Image Analysis Process

There are two types of image analysis:

Centralized Analysis
Distributed Analysis

Image analysis is performed as a distinct, asynchronous, and scheduled task driven by queues that analyzer workers periodically poll.

Image analysis_status states:

stateDiagram
    [*] --> not_analyzed: analysis queued
    not_analyzed --> analyzing: analyzer starts processing
    analyzing --> analyzed: analysis completed successfully
    analyzing --> analysis_failed: analysis fails
    analyzing --> not_analyzed: re-queue by timeout or analyzer shutdown
    analysis_failed --> not_analyzed: re-queued by user request
    analyzed --> not_analyzed: re-queued for re-processing by user request

Centralized Analysis

The analysis process is composed of several steps and utilizes several system components. The basic flow of that task as shown in the following example:

Centralized analysis high level summary:

sequenceDiagram
    participant A as AnchoreCTL
    participant R as Registry
    participant E as Anchore Deployment
    A->>E: Request Image Analysis
    E->>R: Get Image content
    R-->>E: Image Content
    E->>E: Analyze Image Content (Generate SBOM and secret scans etc) and store results
    E->>E: Scan sbom for vulns and evaluate compliance

Here is an example of initiating this process using anchorectl

anchorectl image add docker.io/library/nginx:latest

This command tells the Anchore deployment to pull the image from Docker Hub, unpack it, generate an SBOM and then conduct a and vulnerability scan and policy evaluation.

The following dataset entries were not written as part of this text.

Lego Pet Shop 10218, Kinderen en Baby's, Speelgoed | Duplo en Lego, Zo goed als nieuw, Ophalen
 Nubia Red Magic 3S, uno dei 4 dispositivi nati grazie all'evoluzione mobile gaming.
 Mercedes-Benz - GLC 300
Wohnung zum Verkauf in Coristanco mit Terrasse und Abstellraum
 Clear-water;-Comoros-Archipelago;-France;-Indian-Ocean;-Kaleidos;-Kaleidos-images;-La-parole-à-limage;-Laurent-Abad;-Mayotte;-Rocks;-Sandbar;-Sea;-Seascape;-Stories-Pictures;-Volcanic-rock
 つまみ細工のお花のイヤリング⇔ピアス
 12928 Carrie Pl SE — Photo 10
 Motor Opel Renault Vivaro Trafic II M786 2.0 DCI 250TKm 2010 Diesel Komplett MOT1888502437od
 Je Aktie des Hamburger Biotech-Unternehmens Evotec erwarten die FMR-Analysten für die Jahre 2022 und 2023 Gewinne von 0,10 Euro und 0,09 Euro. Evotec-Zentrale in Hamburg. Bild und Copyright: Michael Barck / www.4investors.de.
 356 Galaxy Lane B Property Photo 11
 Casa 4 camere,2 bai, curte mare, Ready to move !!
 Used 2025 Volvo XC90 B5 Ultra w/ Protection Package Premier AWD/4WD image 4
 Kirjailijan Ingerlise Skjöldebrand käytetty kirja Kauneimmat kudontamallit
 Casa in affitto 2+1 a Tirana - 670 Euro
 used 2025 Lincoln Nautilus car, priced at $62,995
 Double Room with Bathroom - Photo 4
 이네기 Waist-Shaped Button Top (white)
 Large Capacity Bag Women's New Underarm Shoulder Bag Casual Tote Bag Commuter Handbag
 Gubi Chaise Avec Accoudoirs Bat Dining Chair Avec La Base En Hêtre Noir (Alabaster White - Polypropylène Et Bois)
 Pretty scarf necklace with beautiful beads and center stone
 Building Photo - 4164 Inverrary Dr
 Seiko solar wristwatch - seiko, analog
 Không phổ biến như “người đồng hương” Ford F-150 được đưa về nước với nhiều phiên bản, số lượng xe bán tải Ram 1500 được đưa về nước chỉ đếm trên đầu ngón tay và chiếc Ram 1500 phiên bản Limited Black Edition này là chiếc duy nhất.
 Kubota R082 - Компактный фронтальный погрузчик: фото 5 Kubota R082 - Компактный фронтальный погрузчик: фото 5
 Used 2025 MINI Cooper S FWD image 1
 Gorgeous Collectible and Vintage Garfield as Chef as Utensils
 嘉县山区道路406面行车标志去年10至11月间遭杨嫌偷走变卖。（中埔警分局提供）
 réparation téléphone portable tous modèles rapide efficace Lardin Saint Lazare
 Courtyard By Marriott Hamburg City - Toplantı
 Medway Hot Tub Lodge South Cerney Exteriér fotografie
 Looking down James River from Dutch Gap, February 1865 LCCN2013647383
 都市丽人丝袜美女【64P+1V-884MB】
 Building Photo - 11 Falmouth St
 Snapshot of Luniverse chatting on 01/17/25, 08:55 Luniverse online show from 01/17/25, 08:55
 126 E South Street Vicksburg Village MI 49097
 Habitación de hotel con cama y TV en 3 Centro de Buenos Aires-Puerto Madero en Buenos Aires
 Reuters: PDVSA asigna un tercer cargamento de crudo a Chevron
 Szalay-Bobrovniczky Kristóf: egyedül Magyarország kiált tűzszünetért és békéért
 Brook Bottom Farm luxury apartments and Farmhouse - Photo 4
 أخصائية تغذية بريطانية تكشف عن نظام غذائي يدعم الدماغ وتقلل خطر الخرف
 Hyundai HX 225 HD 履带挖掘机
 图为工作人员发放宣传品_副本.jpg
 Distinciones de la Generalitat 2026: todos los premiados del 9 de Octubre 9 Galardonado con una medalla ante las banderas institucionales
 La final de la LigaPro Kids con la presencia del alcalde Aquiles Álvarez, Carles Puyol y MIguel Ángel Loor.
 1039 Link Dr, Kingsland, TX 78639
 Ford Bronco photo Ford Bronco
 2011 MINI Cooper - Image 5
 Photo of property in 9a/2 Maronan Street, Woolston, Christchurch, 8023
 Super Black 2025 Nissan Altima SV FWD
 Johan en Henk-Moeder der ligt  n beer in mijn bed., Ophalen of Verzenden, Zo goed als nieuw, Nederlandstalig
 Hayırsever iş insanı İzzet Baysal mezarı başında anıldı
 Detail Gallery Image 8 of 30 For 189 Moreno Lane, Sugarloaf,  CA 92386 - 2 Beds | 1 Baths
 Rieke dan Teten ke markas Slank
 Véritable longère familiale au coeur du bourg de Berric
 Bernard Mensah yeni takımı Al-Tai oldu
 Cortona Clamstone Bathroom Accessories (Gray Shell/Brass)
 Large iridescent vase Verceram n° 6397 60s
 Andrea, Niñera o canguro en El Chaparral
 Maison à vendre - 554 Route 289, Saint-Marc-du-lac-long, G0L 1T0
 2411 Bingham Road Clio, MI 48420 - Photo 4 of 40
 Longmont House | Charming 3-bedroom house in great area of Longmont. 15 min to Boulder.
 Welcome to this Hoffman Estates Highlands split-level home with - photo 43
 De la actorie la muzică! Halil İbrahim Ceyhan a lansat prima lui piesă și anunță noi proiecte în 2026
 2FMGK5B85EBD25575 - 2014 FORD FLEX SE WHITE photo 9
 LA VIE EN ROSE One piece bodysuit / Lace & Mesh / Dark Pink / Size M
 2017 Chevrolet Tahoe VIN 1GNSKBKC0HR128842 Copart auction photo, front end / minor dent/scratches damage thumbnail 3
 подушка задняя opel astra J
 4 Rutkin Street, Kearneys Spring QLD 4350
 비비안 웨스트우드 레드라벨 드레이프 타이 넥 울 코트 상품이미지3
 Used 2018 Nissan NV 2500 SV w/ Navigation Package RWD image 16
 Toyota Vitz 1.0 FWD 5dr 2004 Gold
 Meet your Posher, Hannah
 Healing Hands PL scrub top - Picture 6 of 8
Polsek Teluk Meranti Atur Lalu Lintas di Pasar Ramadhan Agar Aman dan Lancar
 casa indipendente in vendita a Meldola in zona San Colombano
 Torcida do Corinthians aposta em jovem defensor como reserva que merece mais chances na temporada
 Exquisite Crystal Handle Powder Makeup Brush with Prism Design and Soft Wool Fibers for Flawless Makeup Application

The analyzers operate in a task loop for analysis tasks as shown below:

alt text

Adding more detail, the API call trace between services looks similar to the following example flow:

alt text

Distributed Analysis

In distributed analysis, the analysis of image content takes place outside the Anchore deployment and the result is imported into the deployment. The image has the same state machine transitions, but the ‘analyzing’ processing of an imported analysis is the processing of the import data (vuln scanning, policy checks, etc) to prepare the data for internal use, but does not download or touch any image content.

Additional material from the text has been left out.